For the remaining questions, I assigned a binary vector to each possible response. For example, if someone chose choice B and C in a checkbox question with 5 potential choices, their binary vector would be: [0 1 1 0 0]
. Similarly, if someone chose choice D in a multiple choice question with 4 choices, their vector would look like: [0 0 0 1]
.
Next, I had to choose a distance measure that was able to handle 0/1 values appropriately, and decided on the binary/Jaccard distance, which is included in base R’s dist
function. For multiple choice questions, using this distance measure meant that those who chose the same answer would have the distance 0, and those who did not would have distance 1. It worked similarly for checkbox questions, except the resulting distance could range between 0 and 1 depending on the length of the vector and the number of overlapping positions.
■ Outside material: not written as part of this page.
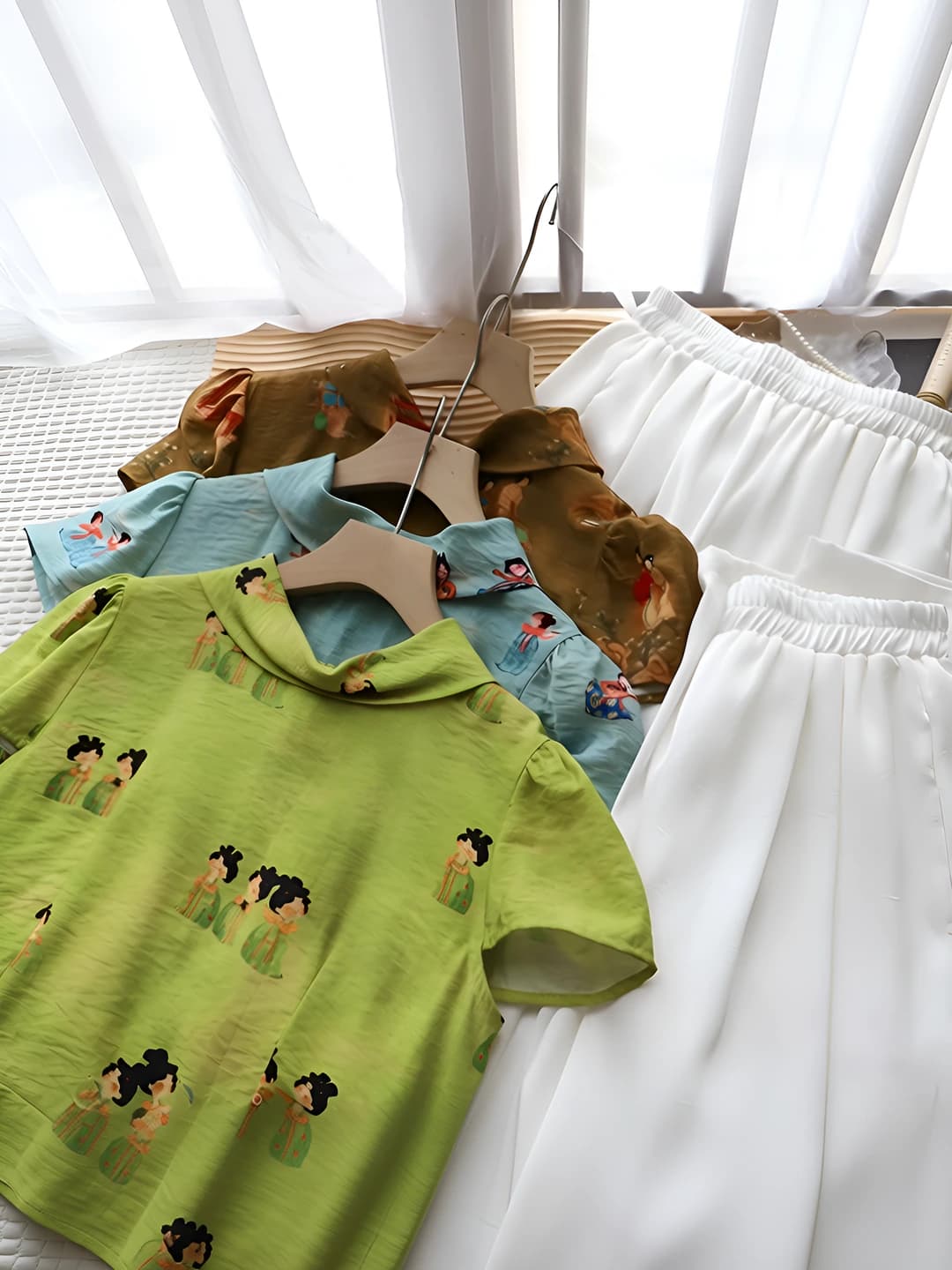 Women's 2026 summer Korean style retro Chinese pattern casual set: blouse and trousers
I had originally planned on doing sentiment analysis on the response to the short answer question, but didn’t feel it was worthwhile to spend time stemming the words, especially since most people skipped the question! Instead, I opted for a simple word count to quantify the responses to this question.
Now, each question has an n
-element vector of everyone’s responses, where n
is the number of participants in the quiz. Since the questions are on different scales, we normalize the responses for each question to give every one the same weight. Then, all of the matrices are summed and the final matrix looks like this:
So, we can see that the best match for person A is D and the best match for person B is C.
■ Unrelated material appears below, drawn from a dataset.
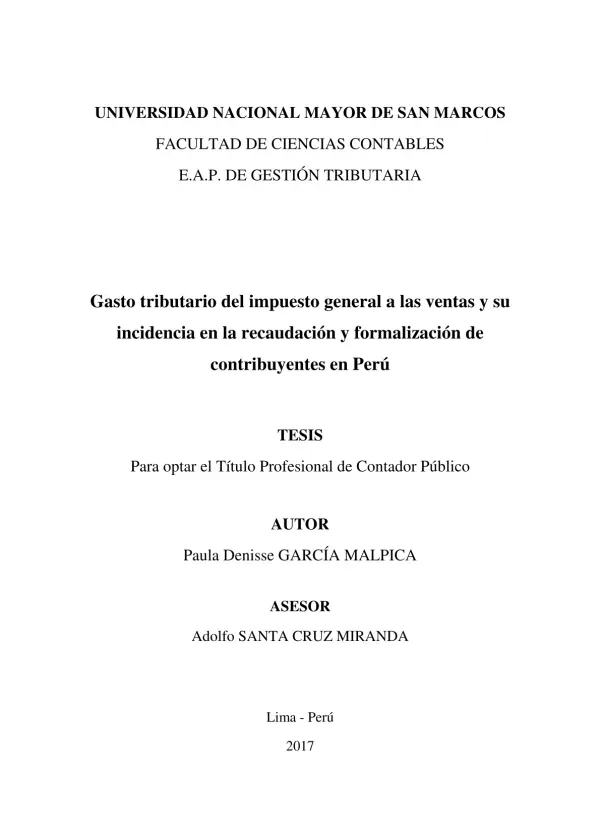 Gasto tributario del impuesto general a las ventas y su incidencia en la recaudación y formalización de contribuyentes en Perú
A plot of the distances can also be generated. Since distances are all relative (e.g., your distance from me is relative to where I am), each person has their own plot where they are at the origin, and it looks something like this:
Out of the 70-something people in the office, 60 people filled out the quiz and received their top 3 matches as well as their worst match. Although everyone had matches, there were around 10 people who did not show up in anyone else’s top 3. Conversely, there were a few people who dominated the worst match list, with yours truly ranking at #3 in frequency of appearance in worst match list (the irony!!! betrayed by my own algorithm :c). Overall, it was a success!
The code for the entire quiz plus the compatibility plot can be found here.
Lastly, this blog just turned 1 year old! In the past year, I wrote 11 posts and created 5 statscapades. This year, I aim to double that amount!